SA-DVAE: Improving Zero-Shot Skeleton-Based Action Recognition by Disentangled Variational Autoencoders¶

Conference: ECCV 2024
arXiv: 2407.13460
Code: https://github.com/pha123661/SA-DVAE
Area: Video Understanding
Keywords: Skeleton-Based Action Recognition, Zero-Shot Learning, Feature Disentanglement, Variational Autoencoder, Cross-Modal Alignment

TL;DR¶

SA-DVAE introduces feature disentanglement to zero-shot skeleton-based action recognition for the first time. Using a dual-head VAE, it splits skeleton features into a semantic-related branch and a semantic-unrelated branch, aligning only the semantic-related part with text. Coupled with an adversarial total correlation penalty to enhance disentanglement, it achieves SOTA performance on NTU RGB+D 60/120 and PKU-MMD benchmarks.

Background & Motivation¶

Skeleton-based action recognition has attracted significant attention due to its robustness against appearance and background variations. However, annotating such data is expensive and time-consuming. Zero-Shot Learning (ZSL) provides an alternative by utilizing semantic information (class names, descriptions, etc.) to bridge seen and unseen classes.

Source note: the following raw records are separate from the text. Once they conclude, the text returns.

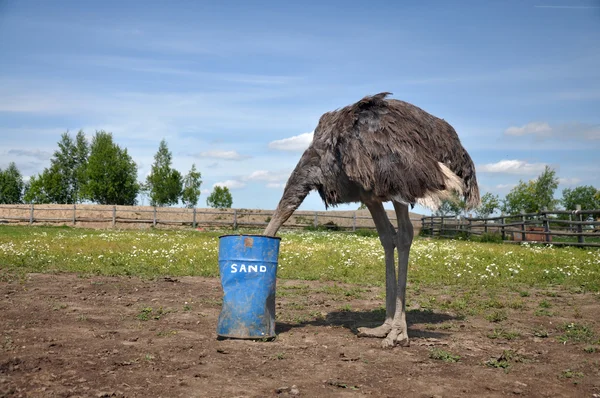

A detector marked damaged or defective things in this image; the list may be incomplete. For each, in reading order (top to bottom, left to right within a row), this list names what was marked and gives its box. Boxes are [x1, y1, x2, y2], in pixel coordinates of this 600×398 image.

rusty barrel [217, 235, 280, 340]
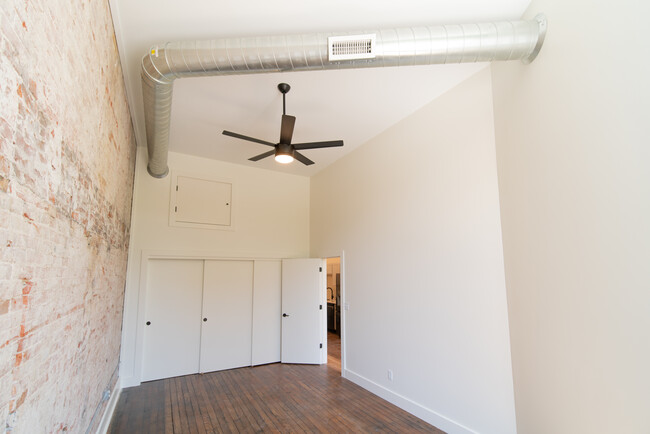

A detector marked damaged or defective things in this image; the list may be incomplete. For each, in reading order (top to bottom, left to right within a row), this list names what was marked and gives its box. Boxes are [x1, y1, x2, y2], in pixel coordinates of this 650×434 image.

chipped paint on brick [0, 0, 135, 430]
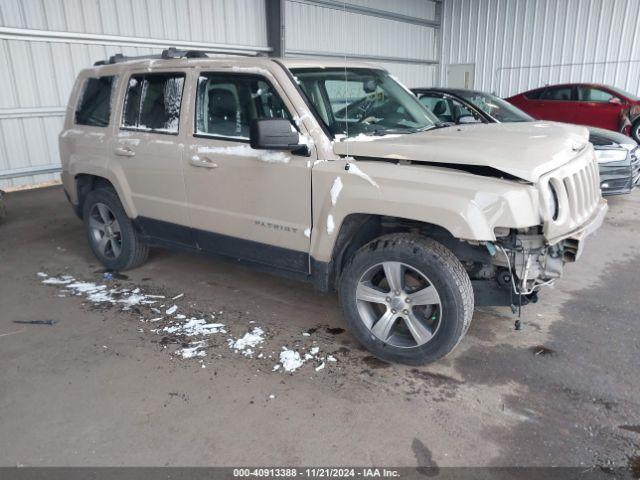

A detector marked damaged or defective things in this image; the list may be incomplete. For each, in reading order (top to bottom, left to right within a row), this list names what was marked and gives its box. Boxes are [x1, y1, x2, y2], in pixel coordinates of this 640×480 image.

crumpled hood [336, 121, 592, 183]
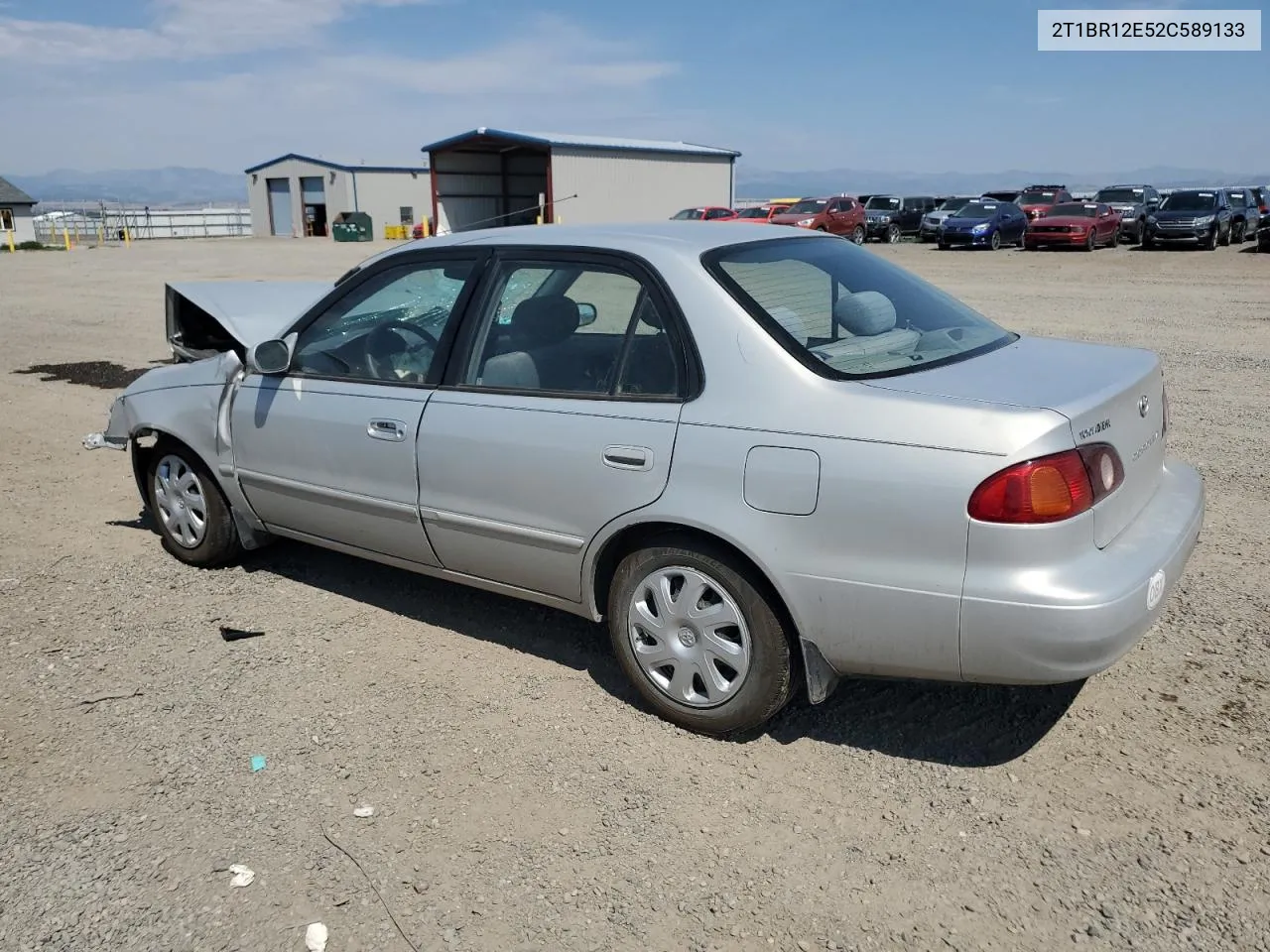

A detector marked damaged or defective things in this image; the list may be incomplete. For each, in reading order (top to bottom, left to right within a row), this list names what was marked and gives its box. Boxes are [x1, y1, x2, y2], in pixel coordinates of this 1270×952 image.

front-end collision damage [80, 351, 274, 551]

Limitations of Prior Work: All existing methods (ReViSE, CADA-VAE, SynSE, JPoSE, SMIE) directly align skeleton features with text features in a shared space. However, they overlook a fundamental asymmetry problem:

Skeleton sequences within the same category vary significantly: Different actors possess distinct body shapes and action magnitudes, and varied camera angles introduce prominent differences. For example, the action "wear a shoe" exhibits extremely high variance in skeleton sequences across different subjects.
Text labels, conversely, are static: Each category is represented by only a single label (e.g., "wear a shoe").
This many-to-one asymmetry renders directly forcing all skeleton features to align with a single textual representation highly difficult.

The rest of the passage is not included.